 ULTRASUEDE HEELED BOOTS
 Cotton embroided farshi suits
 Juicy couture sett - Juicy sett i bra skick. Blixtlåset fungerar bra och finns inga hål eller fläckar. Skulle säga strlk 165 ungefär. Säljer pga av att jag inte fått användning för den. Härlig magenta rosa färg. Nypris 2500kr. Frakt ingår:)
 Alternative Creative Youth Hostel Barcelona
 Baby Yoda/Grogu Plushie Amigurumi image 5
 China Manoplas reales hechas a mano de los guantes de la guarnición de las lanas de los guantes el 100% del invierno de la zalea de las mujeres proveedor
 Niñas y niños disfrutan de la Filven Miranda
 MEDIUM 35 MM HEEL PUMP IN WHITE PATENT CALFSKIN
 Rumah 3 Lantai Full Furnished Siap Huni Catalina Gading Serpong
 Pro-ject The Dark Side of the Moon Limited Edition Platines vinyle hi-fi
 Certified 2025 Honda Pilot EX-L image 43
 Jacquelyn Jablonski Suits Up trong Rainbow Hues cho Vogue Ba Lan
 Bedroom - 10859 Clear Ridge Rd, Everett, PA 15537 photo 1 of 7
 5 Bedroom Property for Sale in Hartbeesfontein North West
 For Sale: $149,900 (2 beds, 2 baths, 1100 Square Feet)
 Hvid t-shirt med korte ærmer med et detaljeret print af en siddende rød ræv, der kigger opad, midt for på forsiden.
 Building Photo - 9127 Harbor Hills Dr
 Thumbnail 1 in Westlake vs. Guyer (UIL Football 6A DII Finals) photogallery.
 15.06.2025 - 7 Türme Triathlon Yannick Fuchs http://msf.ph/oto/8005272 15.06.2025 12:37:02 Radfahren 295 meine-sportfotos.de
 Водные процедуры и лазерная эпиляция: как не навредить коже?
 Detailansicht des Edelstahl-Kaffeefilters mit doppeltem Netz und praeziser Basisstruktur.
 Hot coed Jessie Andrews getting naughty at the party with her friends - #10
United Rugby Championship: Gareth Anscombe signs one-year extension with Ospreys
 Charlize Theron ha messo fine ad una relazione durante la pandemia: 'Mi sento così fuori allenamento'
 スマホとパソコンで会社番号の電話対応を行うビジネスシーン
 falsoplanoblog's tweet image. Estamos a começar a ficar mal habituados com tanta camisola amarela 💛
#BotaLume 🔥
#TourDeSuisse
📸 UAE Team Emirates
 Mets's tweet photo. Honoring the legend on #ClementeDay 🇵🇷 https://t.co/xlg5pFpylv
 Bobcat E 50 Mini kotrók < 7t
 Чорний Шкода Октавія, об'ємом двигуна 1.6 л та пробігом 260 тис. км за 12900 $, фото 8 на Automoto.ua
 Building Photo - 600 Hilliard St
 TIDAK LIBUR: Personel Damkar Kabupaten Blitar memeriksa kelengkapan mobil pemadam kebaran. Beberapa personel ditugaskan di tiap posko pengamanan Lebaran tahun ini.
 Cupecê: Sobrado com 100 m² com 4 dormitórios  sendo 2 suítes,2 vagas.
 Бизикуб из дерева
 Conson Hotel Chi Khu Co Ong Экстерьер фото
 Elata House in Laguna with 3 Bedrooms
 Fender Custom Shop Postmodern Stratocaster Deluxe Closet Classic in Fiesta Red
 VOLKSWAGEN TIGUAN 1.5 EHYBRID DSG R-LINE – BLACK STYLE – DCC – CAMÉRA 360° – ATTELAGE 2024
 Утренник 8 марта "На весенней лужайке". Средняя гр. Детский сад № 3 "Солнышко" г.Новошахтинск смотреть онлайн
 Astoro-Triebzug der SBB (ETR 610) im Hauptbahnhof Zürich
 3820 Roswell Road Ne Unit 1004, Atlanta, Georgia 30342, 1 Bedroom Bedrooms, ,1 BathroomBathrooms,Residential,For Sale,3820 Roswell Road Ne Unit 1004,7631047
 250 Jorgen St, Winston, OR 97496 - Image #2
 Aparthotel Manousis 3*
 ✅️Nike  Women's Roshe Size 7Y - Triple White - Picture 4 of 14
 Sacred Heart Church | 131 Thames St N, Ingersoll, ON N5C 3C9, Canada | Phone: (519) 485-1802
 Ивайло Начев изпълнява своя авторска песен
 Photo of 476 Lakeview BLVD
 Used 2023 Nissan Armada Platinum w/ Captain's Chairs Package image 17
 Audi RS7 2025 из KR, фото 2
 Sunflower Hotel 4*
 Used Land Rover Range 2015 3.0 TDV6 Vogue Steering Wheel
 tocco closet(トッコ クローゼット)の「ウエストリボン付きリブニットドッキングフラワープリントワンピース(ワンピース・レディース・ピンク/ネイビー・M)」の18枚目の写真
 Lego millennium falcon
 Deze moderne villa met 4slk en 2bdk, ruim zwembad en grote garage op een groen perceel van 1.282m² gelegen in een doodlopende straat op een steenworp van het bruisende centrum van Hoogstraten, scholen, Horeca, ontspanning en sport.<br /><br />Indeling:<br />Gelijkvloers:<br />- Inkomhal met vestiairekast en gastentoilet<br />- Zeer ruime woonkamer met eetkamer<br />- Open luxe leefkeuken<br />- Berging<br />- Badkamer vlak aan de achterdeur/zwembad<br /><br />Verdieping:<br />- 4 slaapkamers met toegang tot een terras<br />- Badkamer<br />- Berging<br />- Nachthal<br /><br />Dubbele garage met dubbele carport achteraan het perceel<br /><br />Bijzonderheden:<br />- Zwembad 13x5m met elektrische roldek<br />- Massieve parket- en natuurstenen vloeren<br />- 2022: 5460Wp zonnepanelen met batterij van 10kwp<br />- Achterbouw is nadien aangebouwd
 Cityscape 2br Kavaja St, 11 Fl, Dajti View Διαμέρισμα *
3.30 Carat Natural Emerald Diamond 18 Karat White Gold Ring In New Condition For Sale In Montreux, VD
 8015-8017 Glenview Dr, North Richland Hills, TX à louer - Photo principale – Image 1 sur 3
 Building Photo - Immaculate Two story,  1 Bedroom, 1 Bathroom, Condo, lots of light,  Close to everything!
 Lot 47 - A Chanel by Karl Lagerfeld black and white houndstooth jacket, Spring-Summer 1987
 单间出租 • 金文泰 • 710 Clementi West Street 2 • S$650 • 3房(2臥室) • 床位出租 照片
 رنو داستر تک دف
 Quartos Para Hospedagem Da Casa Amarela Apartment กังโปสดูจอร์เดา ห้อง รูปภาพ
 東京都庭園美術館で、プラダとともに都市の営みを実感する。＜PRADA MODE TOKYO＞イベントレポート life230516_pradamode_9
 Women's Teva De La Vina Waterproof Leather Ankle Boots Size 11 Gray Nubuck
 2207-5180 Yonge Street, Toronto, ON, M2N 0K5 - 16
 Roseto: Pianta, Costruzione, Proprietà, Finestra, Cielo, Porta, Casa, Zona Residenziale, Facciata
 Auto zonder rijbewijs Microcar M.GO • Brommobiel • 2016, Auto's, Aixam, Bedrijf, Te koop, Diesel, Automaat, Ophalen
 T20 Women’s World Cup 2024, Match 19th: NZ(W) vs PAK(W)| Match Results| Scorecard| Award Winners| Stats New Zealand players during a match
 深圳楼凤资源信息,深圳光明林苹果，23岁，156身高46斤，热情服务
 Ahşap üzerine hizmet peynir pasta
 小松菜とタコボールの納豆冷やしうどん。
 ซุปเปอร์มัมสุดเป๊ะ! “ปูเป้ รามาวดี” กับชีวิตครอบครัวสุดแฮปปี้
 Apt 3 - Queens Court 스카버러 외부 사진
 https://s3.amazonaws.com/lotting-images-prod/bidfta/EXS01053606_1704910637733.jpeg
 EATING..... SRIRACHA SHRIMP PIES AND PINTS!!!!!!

-------------------------

» **EXERCISE**: From the listing above, work out how many lines hold "Casa". The answer is the number and nothing more.

» **EXERCISE SOLUTION**: 2